CSS 3d seems the easiest, but is not supported on IE9 or on the roadmap for IE10, and offers less control than the other options.
Canvas & WebGL seems way more complicated, but I don't know if they are future proof.
Why are there so many different techniques for 3D? which is better? which is future proof?
The reason there are so many different options for 3D is because the whole thing is still in a state of flux -- 3D in the browser isn't a finished standard, and of the options you listed, the only one that works in all currently available browsers is Canvas.
IE in particular is unlikely to give you much joy -- as you say, 3D isn't even slated for IE10 at this point. Having said that, SVG was added to IE9 quite late in the day, so there's always hope. But the reason it's unlikely is that Microsoft have made a point of only supporting features which have been formally ratified as standards.
Of the technologies you listed, Canvas is by far the best supported, but Canvas isn't a 3D technology; it's a 2D canvas, and if you want to have 3D effects in it, you need to write them yourself, and they won't be hardware accelerated.
I guess the real answer to your question depends on how important the feature is for your site. If it's just eye candy, which users of unsupported browsers could live without, then by all means do it with some 3D CSS. But if you need to make it consistent in all current browsers, then do it with Canvas.
I'd tend to recommend not using WebGL for your case, because it sounds like it would be overkill for what you're doing.
3D CSS is probably the right answer, but use Canvas for now, until the rest of the browsers add support for 3D CSS.
I know this is 2 years old but I figure I'd post this here for future readers.
What to choose depends on what you need.
Do you need a simple 3d shape with no or little animations? Try if you can do it with CSS3, that's the easiest by far. For IE you can probably get a library that offers support.
Do you need some sweet 3d models with nice graphics and that can do all kinds of stuff? Go WebGL, you can't ask for more control AND performance for 3d in browsers.
Do you need 3d shapes that can do all kinds of stuff, but don't need textures and will work everywhere and won't require much performance?
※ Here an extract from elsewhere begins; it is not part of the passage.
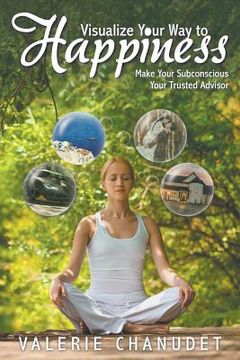 portada Visualize Your Way to Happiness: Make Your Subconscious Your Trusted Advisor (en Inglés)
Go Canvas.
CSS3 is just for the eye-candy. You can make it rather easily, style it any way you want and is very easily maintainable. Once you want to do more than just eye-candy, put on your gloves because that is gonna reuire some work.
With 2d Canvas you can make 3d stuff. If you're new to it, it will be very annoying and complicated (to name one example; you need to know of matrices), You can pretty much do anything with 2d canvas that you can do with WebGL but some thing will be easier in WebGL (seriously, if going 2d Canvas, don't try to use textures, it's a nightmare). WebGL uses OpenGL which, in a nutshell, means it will always outperform 2d Canvas.
However, WebGL requires the user to have a compatible video card.
I really depends on what you are trying to do. How simple is simple?
3D CSS is far from usable. It's only just made it into firefox. It's buggy in both firefox and chrome. It's not working in FF9 beta on OSX. It's also got issues in Chrome up through at least 16. See http://greggman.com/downloads/examples/intersecting-elements-3d-css.html and compare Safari on OSX to pretty much any other browser.
three.js (https://github.com/mrdoob/three.js/) used to (and maybe still does) provide some simple 3d using canvas.
Otherwise if you want anything interesting go WebGL and pick a library (three.js, SceneJS, etc..)
You've got to make a choice. Use WebGL and give up IE, Use Flash 11, Use Unity3D, use Canvas and get very limited 3d, or don't do 3d.
WebGL is already being used by major sites. CNN is now using WebGL http://www.stinkdigital.com/en/work/ecosphere
Everyone is probably tired of hearing 'it depends', but...it depends!
There's a little "war" going on as to whether it's better to use Canvas or HTML/CSS3, and namely because Canvas is slower than DOM on older machines/devices. Yeap, DOM is way faster in some cases, while canvas is faster on most modern browsers/devices.
WebGL - Best option for both 2D and 3D, but since it is not well enough supported across browsers and devices, you'll have to offer fallback to canvas or DOM whenever necessary.
Canvas - Less suitable for 3D comparing to WebGL, but more suitable for compatibility, community, tools etc
DOM - Faster than most think, if used right, highest support around, but you cannot go too fancy animation/gaming-wise.